In a decision sure to roil law enforcement in the Palmetto State, South Carolina Highway Patrol (SCHP) captain Stacy Craven will not face criminal charges in the aftermath of an investigation led by the S.C. State Law Enforcement Division (SLED) into allegations that he improperly meddled in the 2014 arrest of a prominent supporter of Clemson University. The controversial decision not to prosecute Craven was made by S.C. eleventh circuit solicitor Rick Hubbard.

Our readers will recall we exclusively reported on this incident back in May, and followed up in July with a report on Craven being the focus of the investigation.

What happened?

As we noted in our original coverage, after Clemson’s streak-busting 35-17 victory over rival South Carolina on November 29, 2014, Stanley Roy Riggins of Charlotte, N.C. – the brother of former Clemson board member David P. Riggins – was detained by SCHP lance corporal Michael Taylor for allegedly driving under the influence (DUI) and committing a liquor law violation at around 6:05 p.m. EST on S.C. Highway 93 at Centennial Boulevard in Clemson, S.C.

According to an incident report obtained by this news outlet, Riggins was arrested on suspicion of DUI “stemming from a fight that had occurred after the Clemson/ Carolina football game.”

“Riggins … became aggrivated (sic) by a pedestrian who, he states, would not move out of his way,” the report noted. “He states that he then stopped his Land Rover, got out, and confronted him.”

During this confrontation, Riggins claimed to have been “shoved to the ground” prior to the pedestrian fleeing the scene.

After allegedly failing a field sobriety test, Riggins was taken into custody and transported to the Pickens County, S.C. detention center – where the SCHP incident report indicated he was offered (and refused) a breathalyzer examination.

There is no record of any charge being filed against him in connection with this incident, however.

Now we know why …

According to the SLED report, Craven intervened – stopping the breathalyzer examination as it was being administered and taking personal custody of Riggins. As a result, Riggins – who was described by Craven as “a top contributor to Clemson University” – was never booked at the Pickens detention center and there was no record of his arrest.

Craven literally walked the influential businessman right out of the building and turned him over to “family members.” Also, because he was never booked, the automatic six-month drivers license suspension that follows from a subject’s refusal to submit to a breathalyzer examination did not apply to Riggins.

Unbelievable, right?

(Click to view)

(Via: Provided)

Craven initially attempted to contact Taylor to intervene, but the lance corporal did not immediately return his calls. At that point, Craven called a deputy with the Pickens county sheriff’s office and instructed him to get involved.

“I wasn’t left with much of an option,” Taylor said during an interview with investigators. “I was told this is what was going to happen.”

Taylor told investigators he was “furious” about the situation – as he should have been.

Not only did Craven intervene in Riggins’ arrest, he was also instrumental in getting the DUI charge against him dropped.

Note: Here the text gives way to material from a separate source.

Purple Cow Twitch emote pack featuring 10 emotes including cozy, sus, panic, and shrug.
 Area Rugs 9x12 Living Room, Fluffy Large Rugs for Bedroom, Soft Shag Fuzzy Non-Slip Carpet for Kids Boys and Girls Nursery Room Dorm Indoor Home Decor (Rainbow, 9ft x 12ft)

Craven contacted an assistant solicitor in the office of S.C. thirteenth circuit solicitor Walt Wilkins and asked whether the charge could be reduced to an open container violation. On May 8, 2017, Riggins pleaded guilty to the open container charge and paid a $257.50 fine.

According to Riggins, he was told he had to plead to the open container charge to avoid the appearance that he had gotten off “scot free.”

Despite all of this – and despite concluding that Craven’s responses to questioning were “suspect, and in some instances, demonstrably false” – Hubbard declined to prosecute the SCHP leader.

Astoundingly, he declined to prosecute even as he noted being aware that “the public’s trust in law enforcement is undermined when officers fail to faithfully and forthrightly uphold their duties.”

Clearly Hubbard is not sufficiently aware of that fact …

Craven’s corruption in connection with this case was clearly documented by a report from the S.C. Office of Inspector General (SCOIG), and further documented by a report from SLED. Accordingly, Hubbard’s contention that he did not think he could make a charge of misconduct in office or obstruction of justice against Craven is laughable.

Stay tuned … this news outlet is continuing to investigate this case and its connection to another scandal that recently splashed across our pages.

In the meantime, this is yet another sad and sorry example of how “justice” is administered in South Carolina.